“Big Daddy” Don Garlits has always been an innovator, and has always liked going fast.
At 82, he is still involved in creating the next generation of high-powered race cars and is still gutsy enough to strap into a dragster and blast down a race track in pursuit of speed and time records.
Garlits on Wednesday was at the Bradenton Motorsports Park in eastern Manatee County testing his new SR-37 “Quest for 200 MPH on Batteries” dragster.
SR stands for “Swamp Rat,” the moniker given for years to each incarnation of Garlits' racers. The vehicle was designed to be the first battery-electric dragster to exceed 200 mph on a quarter-mile strip.
Donna Garlits, the youngest of Don's two daughters, and the general manager and chief financial officer of the Don Garlits Museum of Drag Racing Inc. south of Ocala, said that her father did set two new world records—184.01 mph for speed and 7.25 for elapsed time.
She said the former world records were 156 mph and 7.95 ET.

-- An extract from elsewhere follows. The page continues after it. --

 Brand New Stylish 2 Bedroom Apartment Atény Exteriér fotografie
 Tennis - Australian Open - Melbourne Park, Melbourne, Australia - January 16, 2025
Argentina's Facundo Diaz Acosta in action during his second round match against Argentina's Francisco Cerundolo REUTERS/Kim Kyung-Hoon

Everyone considered the day of testing a success. She said Garlits made four runs, but on two of them “the batteries shut off, which blew a fuse and activated a governor that powers it off.”
On the final run, the parachute did not deploy and Garlits ran off the end of the dragstrip.
“We were screaming, 'It didn't come out, it didn't come out!” she said. “I saw it run off the track and there was a puff of smoke. It went through a fence and wound up in a recently plowed field. I was crying. My son, who is part of the crew, was distraught because he's a father figure to him.”
When the crew got to the car, Garlits' first words were: “I guess I need a tow rope.”
“He was cool as a cucumber,” his daughter said.
The car's team hopes to set the 200-mph speed mark this year to coincide with the 50th anniversary of Garlits' historic first official 200-mph pass in 1964, in a top-fuel dragster.
Many things have changed in those 50 years. Garlits went on to set a long list of records and amassed a number of championship titles. The innovations he implemented after an explosion in a rear-engine dragster nearly killed him and claimed part of his right foot in the early 1970s led to a radical change in the way top fuel cars were configured, and in much-improved driver safety.
Garlits again is in the forefront of change.
Randy Cannon, the Las Vegas-based media manager for the project, said the team will still try for the 200-mph record as soon as possible.
“That will depend on Don's schedule. He's busier than everyone; at his age,” Cannon said.